**ABOUT THIS TASK**
As an exercise, transcribe the data below in full and exactly, omitting pictures.

**DATA BLOCK**
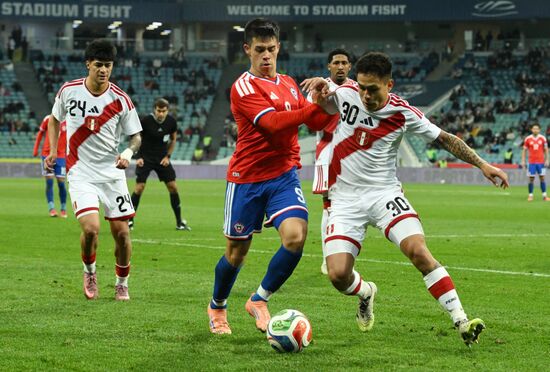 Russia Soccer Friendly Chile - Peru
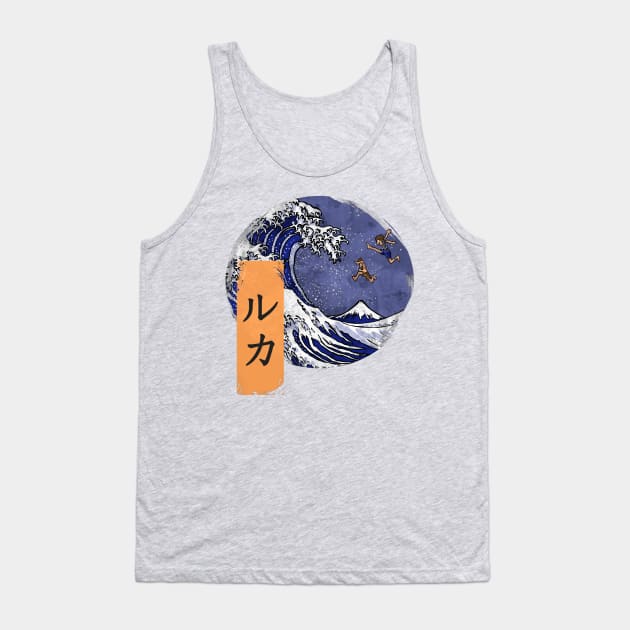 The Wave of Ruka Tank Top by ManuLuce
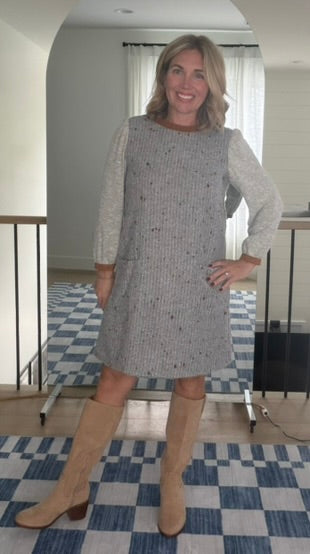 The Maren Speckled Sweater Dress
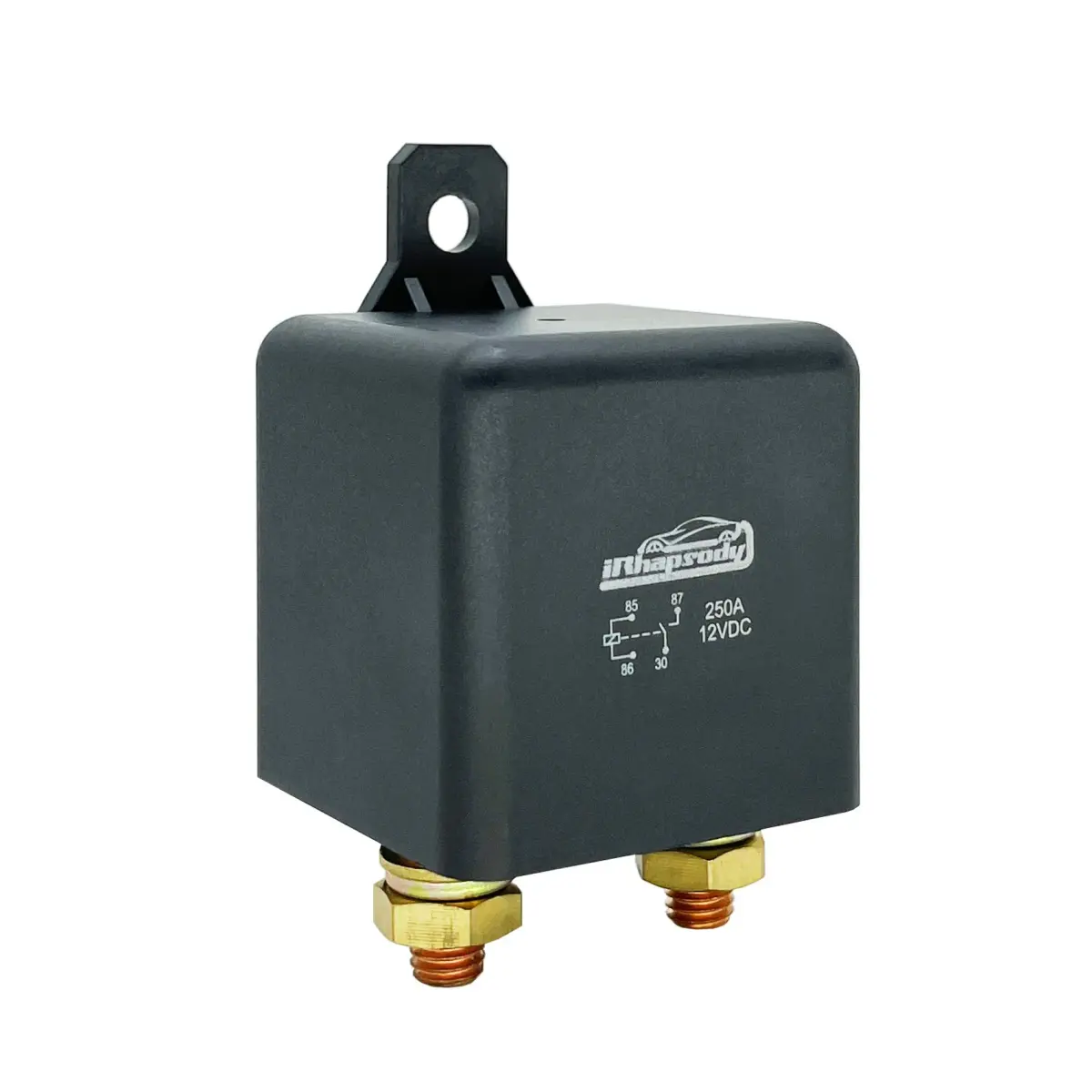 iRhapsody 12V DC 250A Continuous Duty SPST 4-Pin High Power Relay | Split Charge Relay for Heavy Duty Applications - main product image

**RESULT**
 Russia Soccer Friendly Chile - Peru
 The Wave of Ruka Tank Top by ManuLuce
 The Maren Speckled Sweater Dress
 iRhapsody 12V DC 250A Continuous Duty SPST 4-Pin High Power Relay | Split Charge Relay for Heavy Duty Applications - main product image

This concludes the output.